Regardless of what Lua does or does not do, a backtracking regular expression evaluator on a memory limited device is a bad idea.

It's useful alright. But is it fast? Is it compact? These are design trade-offs.

I have just come across this awesome library - being an ardent fan of RegEx this is very much what I like :)

I got a question, though: is it possible to re-use a MatchState object by assigning a different target to it? So just do a "MatchState ms;" once and then do repeated "ms.Target()" calls?

Yes, absolutely.

I don't know how to Thank you, Nick Gammon, for your very very good idea to create regex with Arduino.

I use regex often, expecially for my site.

I need a little help.

If I have:

char buf [100] = "Date: Tue, 12 Feb 2019 18:28:38 +0100";

I want be sure to found it:

char result = ms.Match ("^Date+.18:28");

But I don't remember the right regex and if is the same...

oh well...

I think it can work:

char result = ms.Match ("^Date.+ [0-9][0-9]:[0-9][0-9]");

But... how can I put more ":" character?
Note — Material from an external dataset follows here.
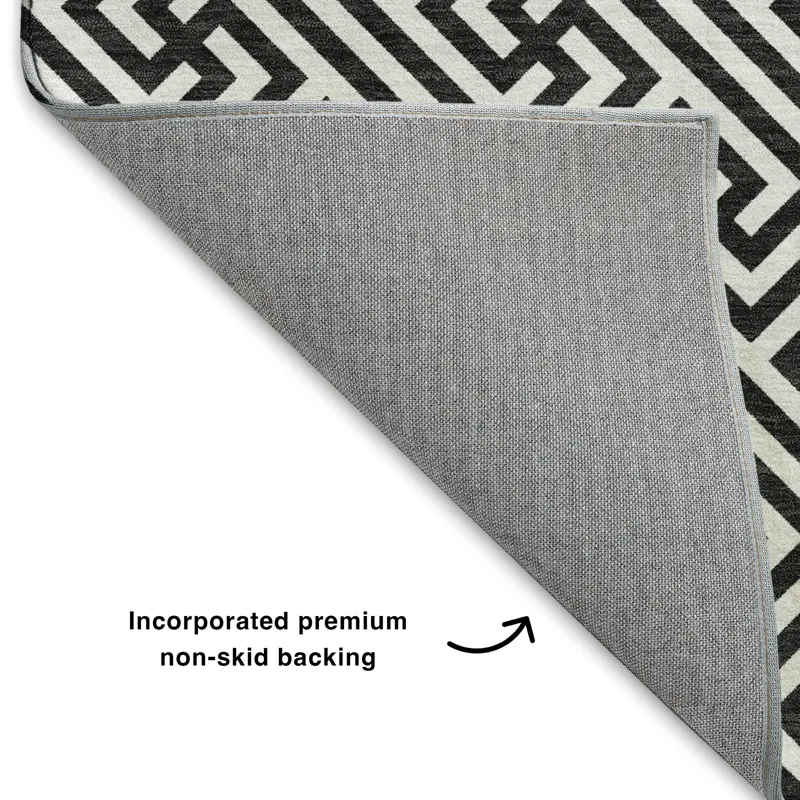 Luxury Washable Indoor/Outdoor The Reserve Black 8\' x 10\' Rug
I mean: often time instead "00:00:00" should be "00.00.00" or another mode...

Thanks

Character set should work...

  [nobbc][:.][/nobbc]

However, that appears to be an RFC header in which case dot separators indicate a non-compliant system. In my experience such things are best ignored.

Hi Coding Badly.

Thank you.

And the best idea for all characters instead numbers and words is [^a-zA-Z0-9]

Or there is something about /WN????

Thank you for this very usefull libarary, I n arduino i want to parse received sms and return the value in the end of sms : sms = dfghhhcg ghhj ghhh hjjj relay_on_10 I want to return 10 in this example. Value =10 Because i want to use it in an other function. Thank you very much for your help.